Exercise: With pictures excluded, copy word for word the lines in the data below from the line containing "2017 Jeep Patriot" through the line containing "Snefuglenes juletræ, 1883. af Unbekannt".

[[ Data provided open ]]

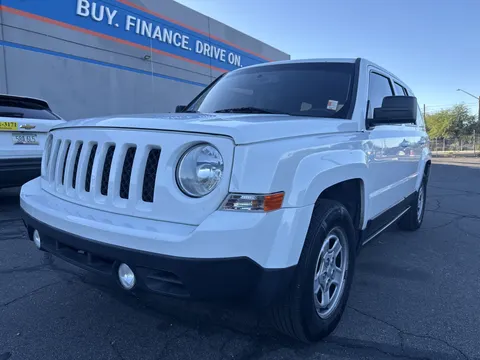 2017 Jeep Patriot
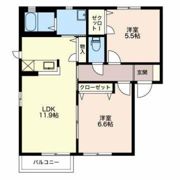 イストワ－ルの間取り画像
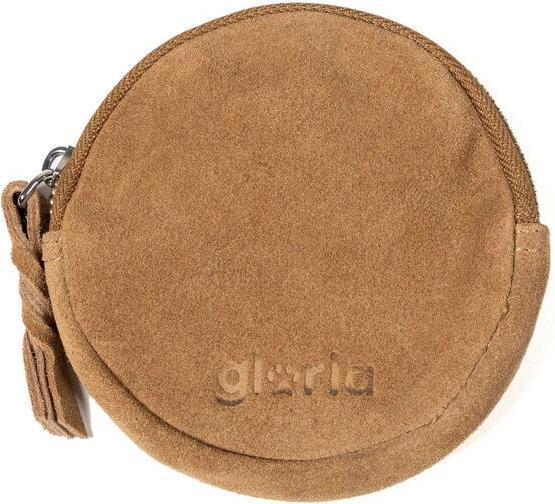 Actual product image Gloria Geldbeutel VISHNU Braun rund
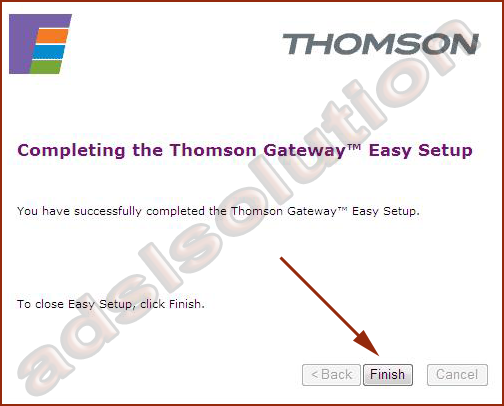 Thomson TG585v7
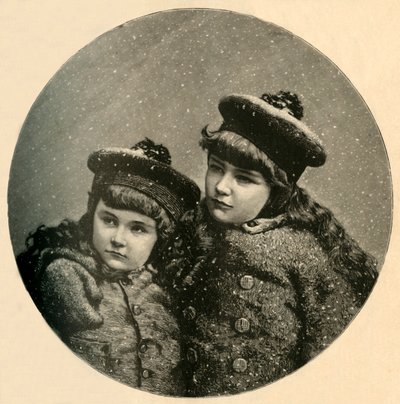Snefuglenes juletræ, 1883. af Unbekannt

[[ Data provided closed ]]
[[ Data provided open ]]

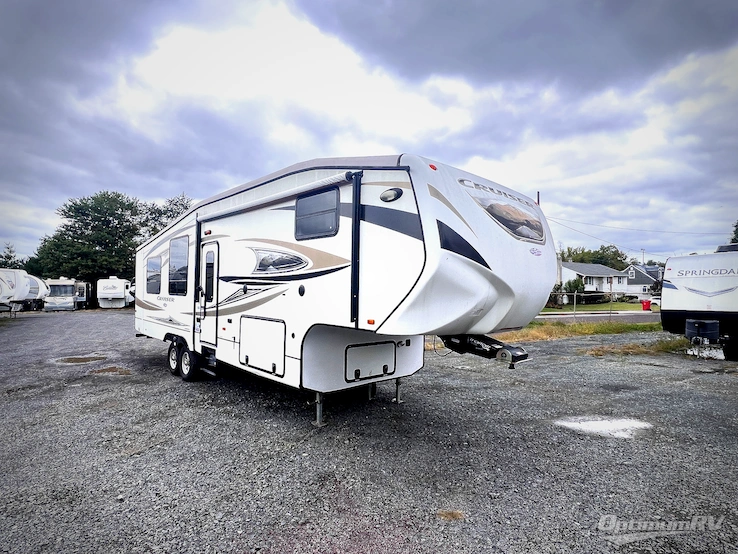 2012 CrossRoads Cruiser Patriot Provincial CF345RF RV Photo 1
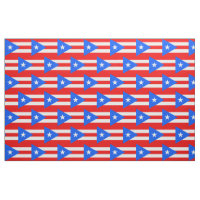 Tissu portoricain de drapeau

[[ Data provided closed ]]
[[ Data provided open ]]

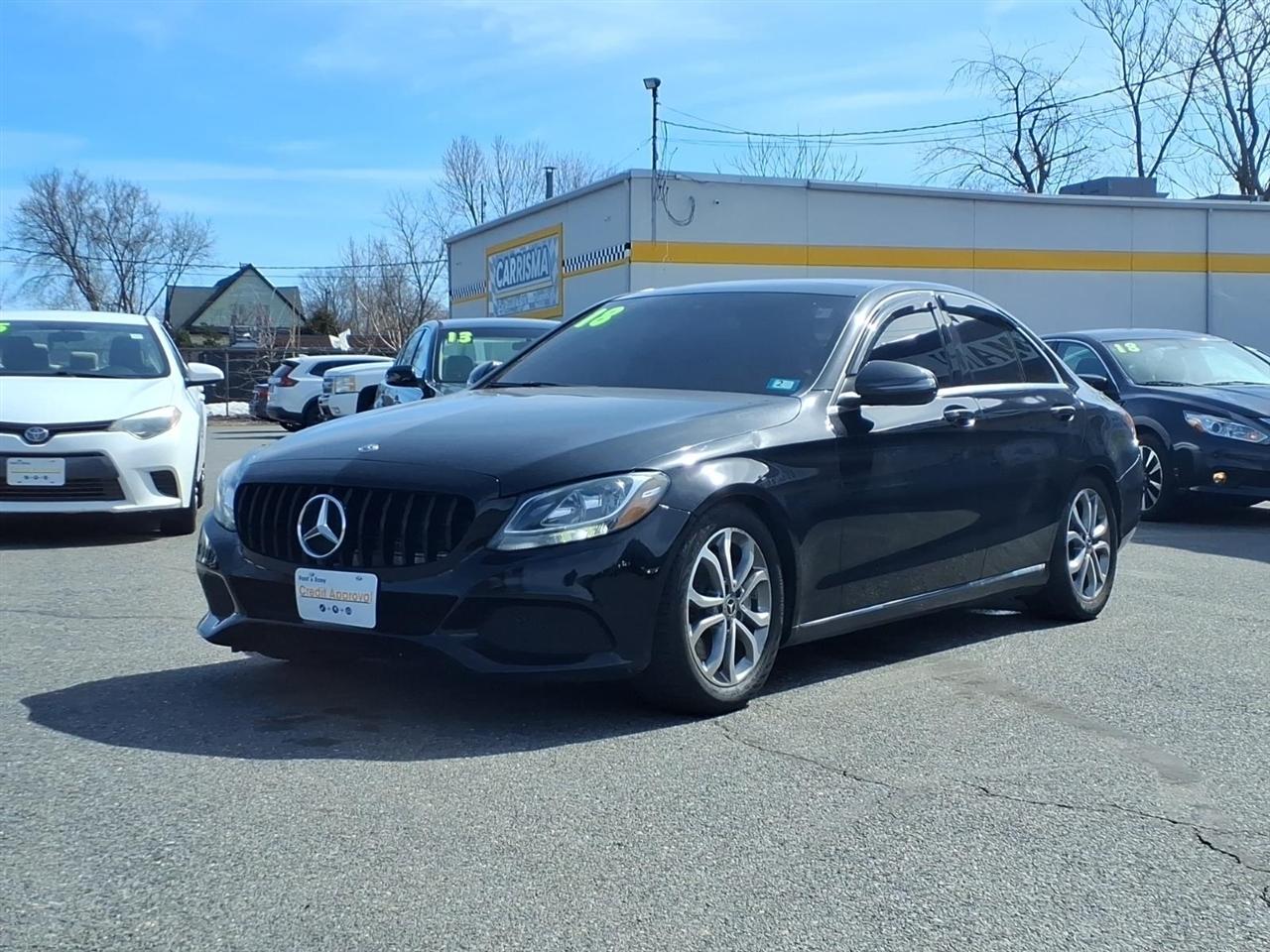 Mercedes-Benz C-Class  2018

[[ Data provided closed ]]

Task solution:
 2017 Jeep Patriot
 イストワ－ルの間取り画像
 Actual product image Gloria Geldbeutel VISHNU Braun rund
 Thomson TG585v7
Snefuglenes juletræ, 1883. af Unbekannt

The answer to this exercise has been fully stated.